Is de kat een sociaal dier?
Het is moeilijk om te bepalen of de kat van nature een solitair levend dier of een roedeldier is.
Eerder werd gedacht dat zij bedoeld waren om een solitair leven te leiden. Het feit dat hun immuunsysteem geen besmettelijke ziekten aankan, ondersteunt die theorie heel goed.
Meer recente studies suggereren echter dat de kat in het wild eerder in groepen leeft dan alleen. Zij vormen zeker groepen als zij daar een goede reden voor hebben; vrouwelijke poezen kunnen bijvoorbeeld in kleinere groepen leven, waar zij voor elkaars kittens zorgen en ze samen groot brengen.
Ongecastreerde katers hebben meer kans om een groter territorium te hebben en een beetje meer alleen solitair te leven.

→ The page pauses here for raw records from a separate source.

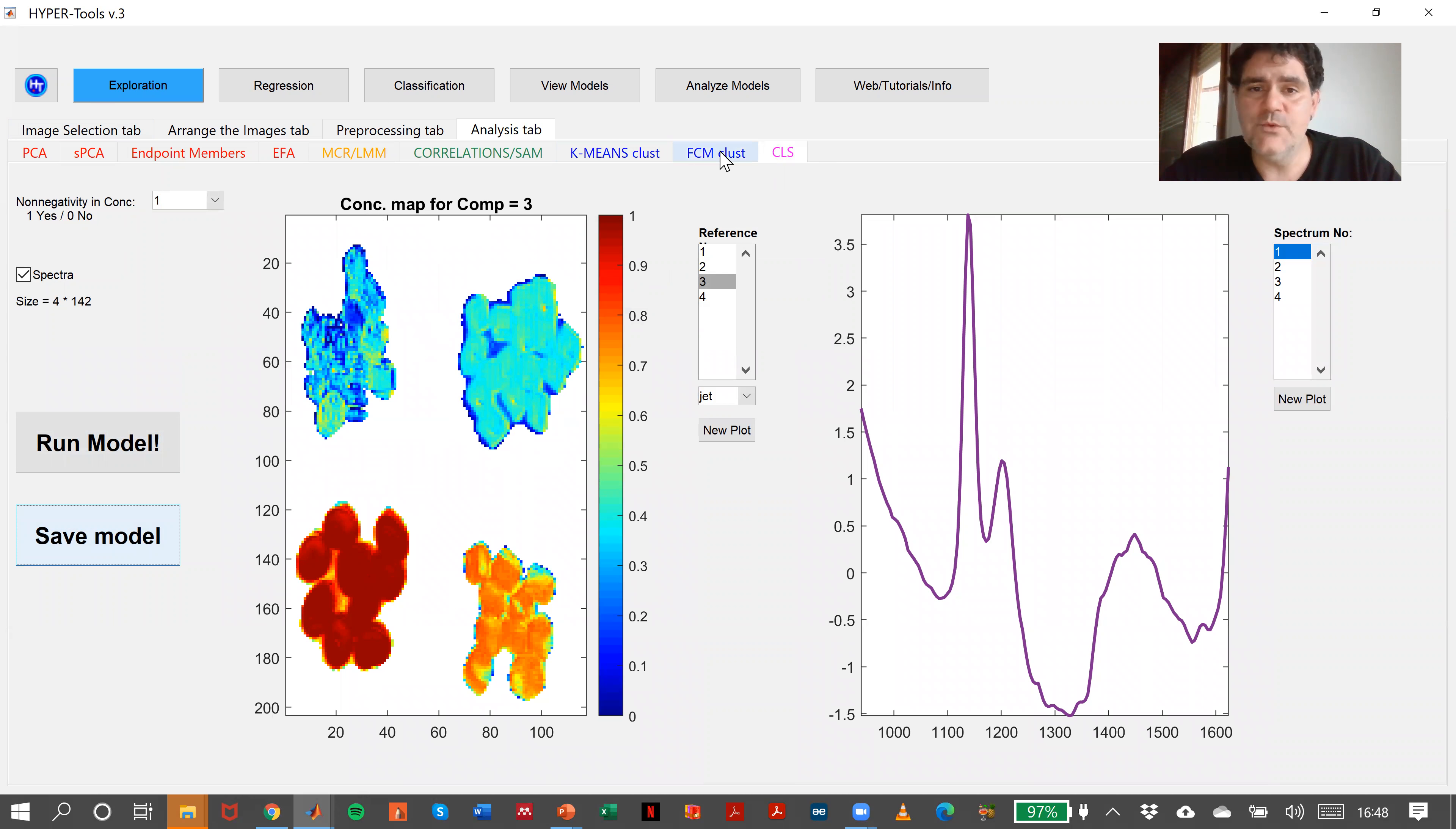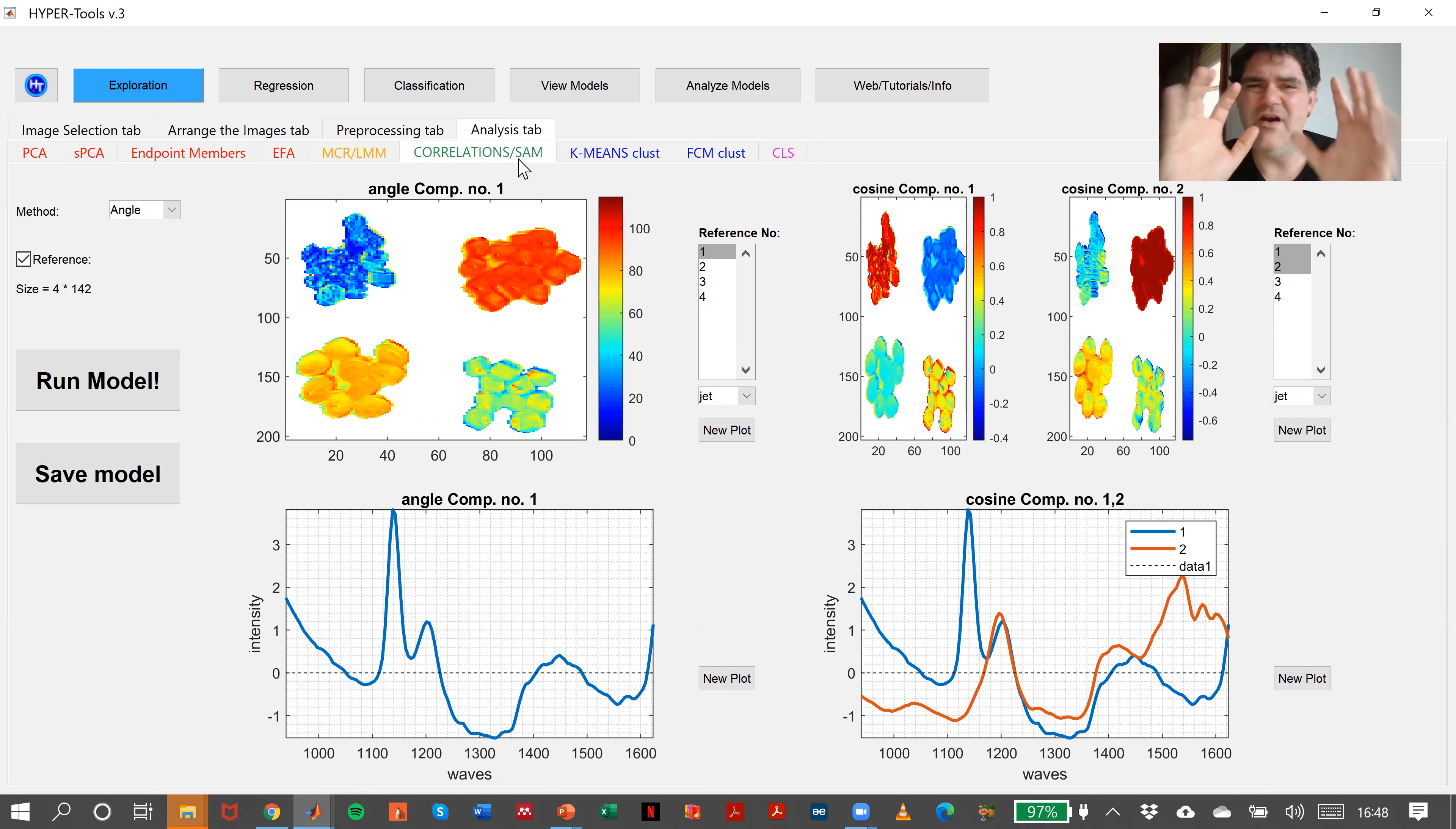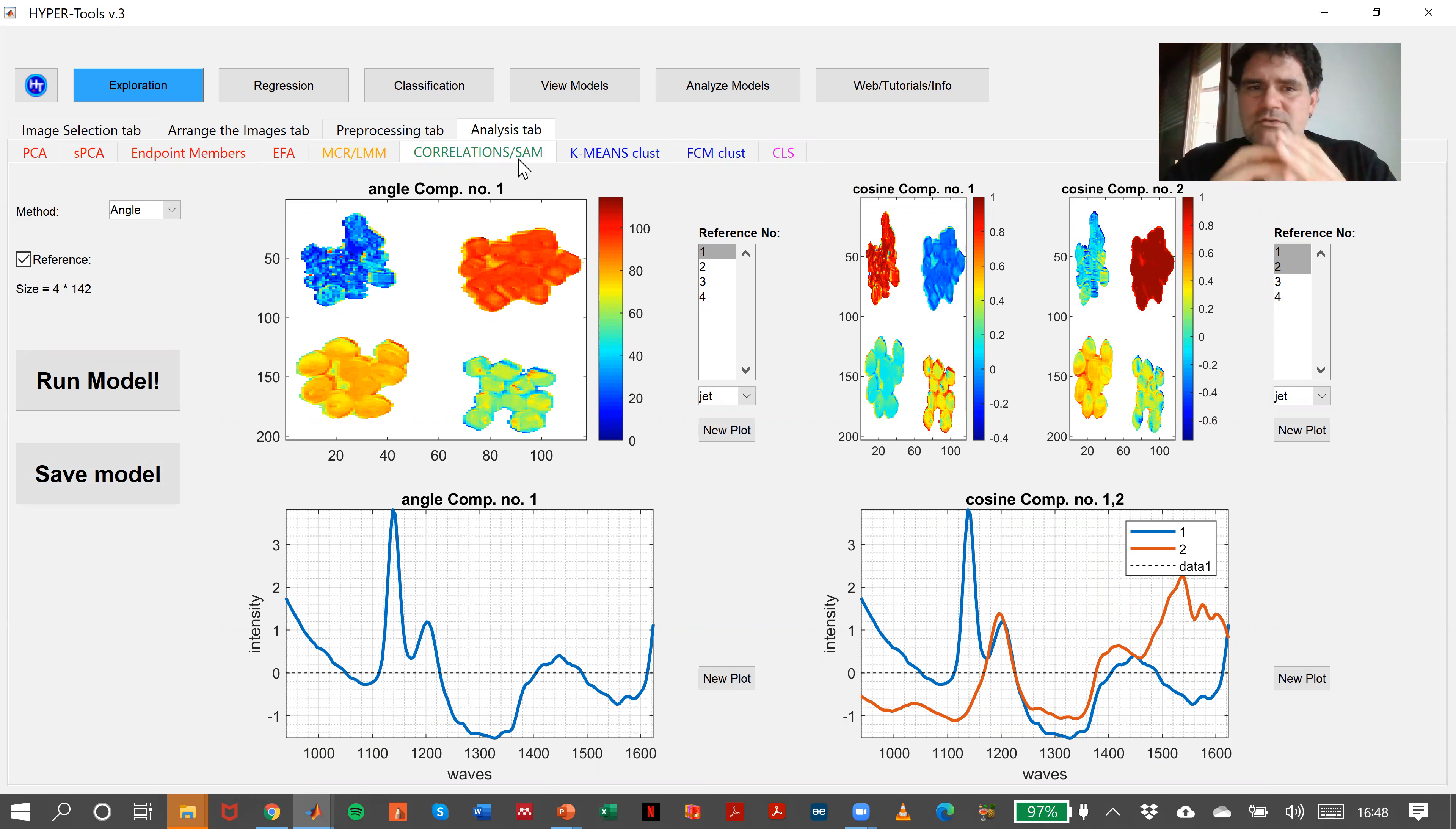With this, we finish the exploration tab. Remember that we can also check what we did before, run models as we need, and save as many times as we need. The good thing of Hyper2 is that you have available all the information or models that you've done so far. This concludes the exploration tab.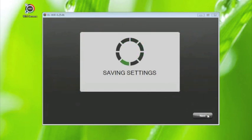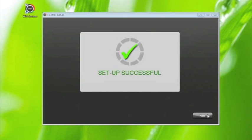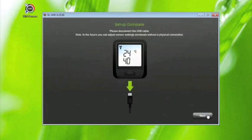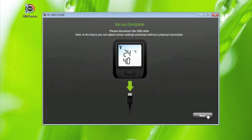Your sensor is now configured and set up to your Wi-Fi network. Click next to be prompted to disconnect the USB lead. In future, you'll be able to adjust sensor settings wirelessly without a physical connection.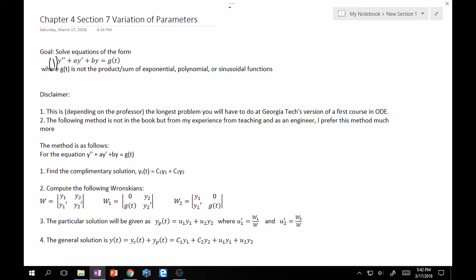This method isn't in the book. I picked it up my first semester taking differential equations, about three or four years ago. From my experience teaching and as an engineer, I prefer this method over what's in the book. I think it's more methodical and you'll get to your answer quicker with less chance of error.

Andere voorbeelden zijn kolonies, waar voldoende voedsel beschikbaar is.
Binnen een gevestigde groep is de sociale interactie complex en wordt deze beïnvloed door veel factoren zoals leeftijd, geslacht en status binnen de groep of de familie. De hiërarchie binnen de groep is ook niet statisch en hangt ook vaak af van het feit of poezen wel of geen kittens hebben.

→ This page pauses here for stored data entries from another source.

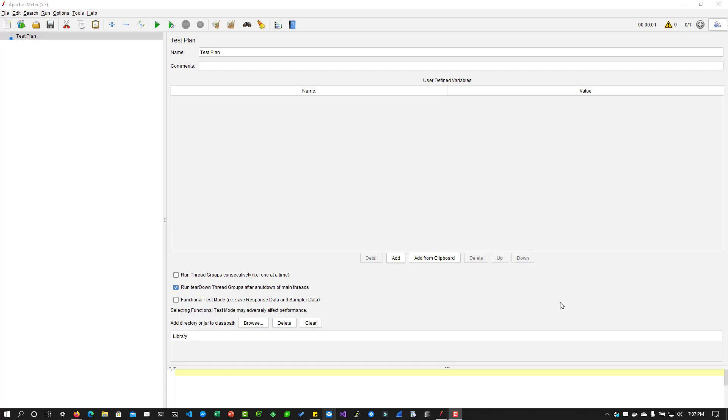Hi, welcome back. In this episode, we are going to see how to create a JMeter test plan so that you can get started with performance testing.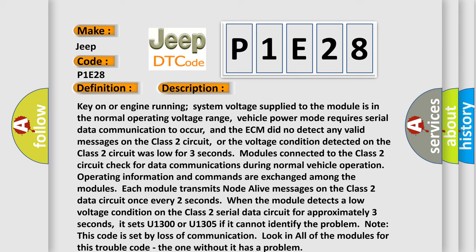Or the voltage condition detected on the Class 2 circuit was low for three seconds. Modules connected to the Class 2 circuit check for data communications during normal vehicle operation. Operating information and commands are exchanged among the modules.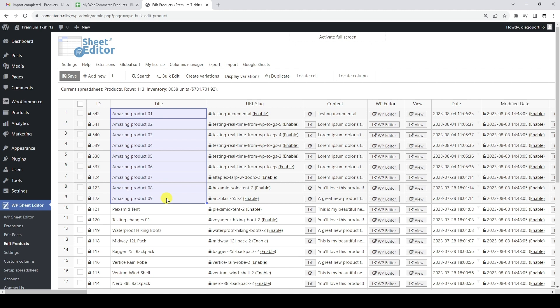As you can see, our products have been edited correctly based on the values we edited in Google Sheets. Bi-directional real-time exports are great for automating the management of our WooCommerce products using Google Sheets. Any change that we apply to either side will be automatically applied to the other side, without us having to manually create exports and imports.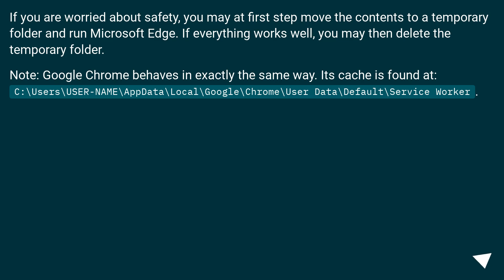Note: Google Chrome behaves in exactly the same way. Its cache is found at C:\Users\USER-NAME\AppData\Local\Google\Chrome\User Data\Default\Service Worker.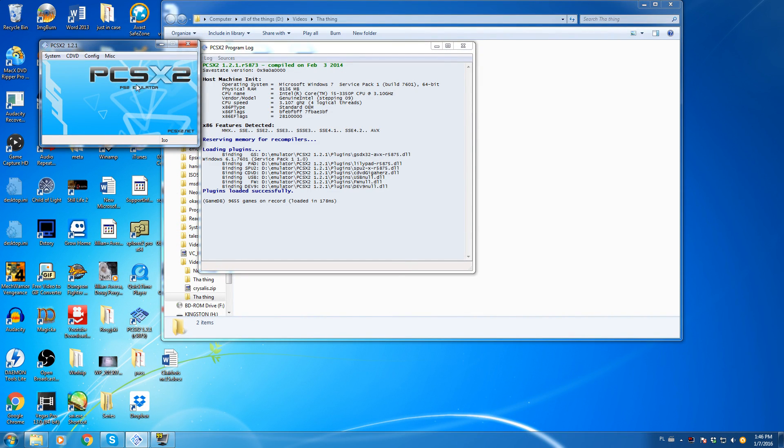Hello and welcome people to a video in which I will teach you the wondrous ways of getting rid of this shaking issue, the video shaking issue in PCSX2.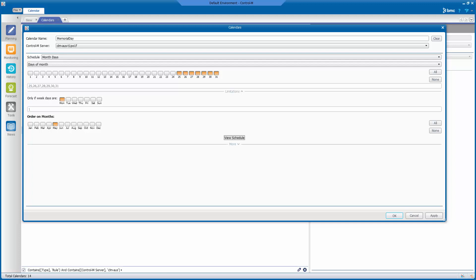Here is the definition for the rule-based calendar for Memorial Day. Memorial Day occurs on the last Monday of May, so the last seven days of the month is selected. Monday is selected in the 'only if weekdays are' field, and May is the only month selected in the order on months section.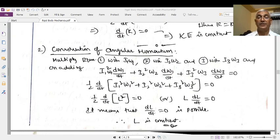This is about the Euler's equations and their two applications. See you in the next class.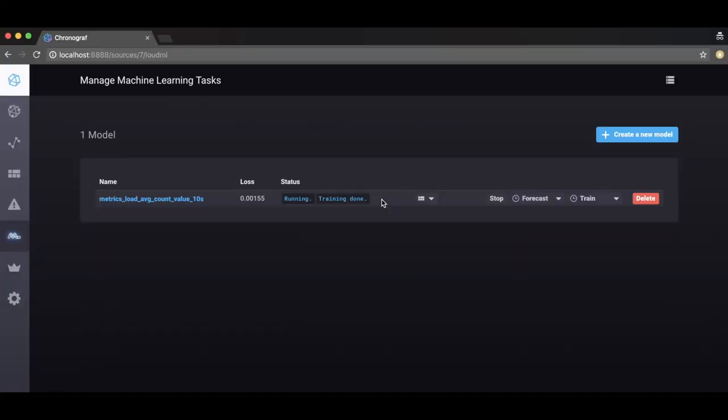If live anomaly detection is no longer needed, it's simple to stop right from the LoudML logo on the toolbar. Then just click on the stop button.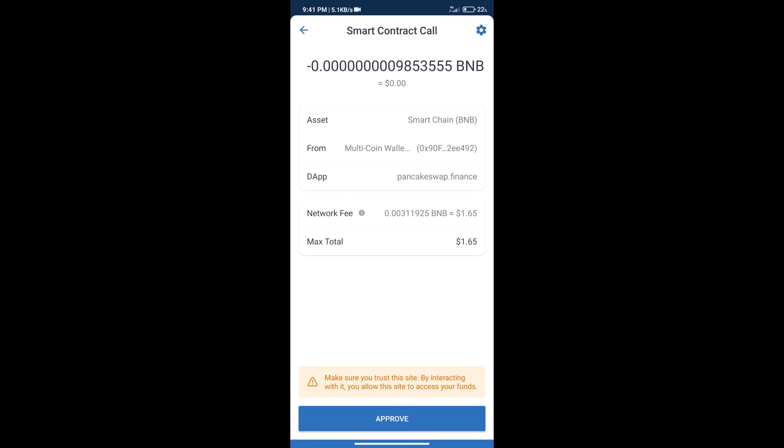After that, we will click on approve. And finally, we will get this token successfully. So guys, I have only shared the technical process, not financial advice. Invest in cryptocurrency at your own risk. Thanks for watching.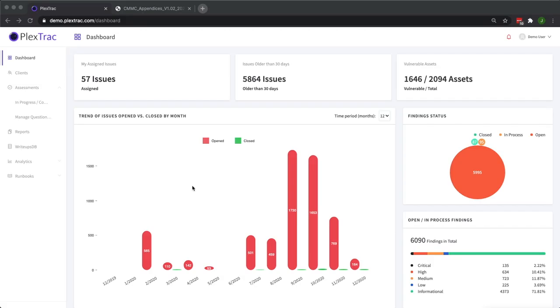Hello and welcome to the PlexTrack mini demo series. Today we're going to be going over how to create a question inside of a questionnaire that can then be used for an assessment.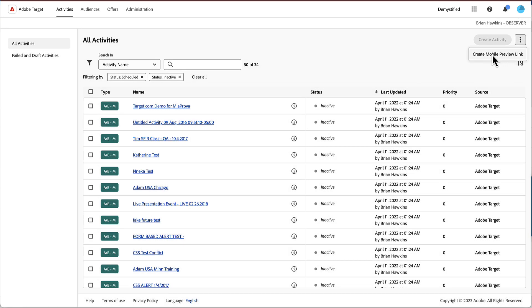The mobile preview link, they have that in the old UI as well.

Vrij rondlopende katten hebben hun eigen territoria die in grootte variëren. De omvang van het grondgebied is afhankelijk van:
- Toegang tot en distributie van het voedsel onder de poezen.
- Het aantal poezen en hun beschikbaarheid voor de katers.
De territoria van de katers en poezen zijn niet gescheiden maar overlappen elkaar hier en daar. Katten die in het wild leven, markeren de grenzen van hun territorium met urine; dit geldt voor zowel katers als poezen. Het informeert niet alleen de anderen waar het territorium van de kat eindigt maar het dient ook voor andere functies, zoals het aankondigen van de status van het individu en waar het zich bevindt in de reproductiecyclus.
Katten die binnen leven en slechts een klein territorium (ons huis) hebben, verdelen hun territorium in verschillende gebieden, afhankelijk van waar verschillende activiteiten plaatsvinden. De kat verdeelt zijn territorium in verschillende sectoren die vervolgens verder kunnen worden opgesplitst in privé- en activiteitszones.
In de activiteitenzone eet en jaagt de kat en heeft de kat sociale interactie, voortplanting en toiletbezoeken.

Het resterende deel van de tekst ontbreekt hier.